There are several posts regarding how to setup Scrapy within a Celery task avoiding to restart the Twister reactor to prevent the twisted.internet.error.ReactorNotRestartable
error. I have tried using CrawlerRunner as recommended on docs and crochet but to make it work the following lines have to be removed from the code:
d.addBoth(lambda _: reactor.stop())
reactor.run() # Script blocks here until spider finishes.
This is the full code:
from scrapy.crawler import CrawlerRunner
@app.task(bind=True, name="run_spider")
def run_spider(self, my_spider_class, my_spider_settings):
from crochet import setup
setup() # Fixes the issue with Twisted reactor.
runner = CrawlerRunner(my_spider_settings)

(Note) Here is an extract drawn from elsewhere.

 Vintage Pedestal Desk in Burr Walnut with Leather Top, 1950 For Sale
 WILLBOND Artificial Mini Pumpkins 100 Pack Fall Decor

crawler = runner.create_crawler(my_spider_class)
runner.crawl(crawler)
d = runner.join()
def spider_finished(_): <-- This function is called when spider finishes.
logger.info("{} finished:\n{}".format(
spider_name,
json.dumps(
crawler.stats.spider_stats.get(spider_name, {}),
cls=DjangoJSONEncoder,
indent=4
)
))
d.addBoth(spider_finished)
return f"{spider_name} started" <-- How to block execution until spider finishes?
Now works but the Spider seems to be running detached from the task, so I get the return response before the spider is finished. I have used a workaround with the callback spider_finished()
but is not ideal because the celery worker keeps running an executing other tasks and eventually kills the process affecting the detached spiders.
Is there a way to block the execution of the task until the Scrapy spider is done?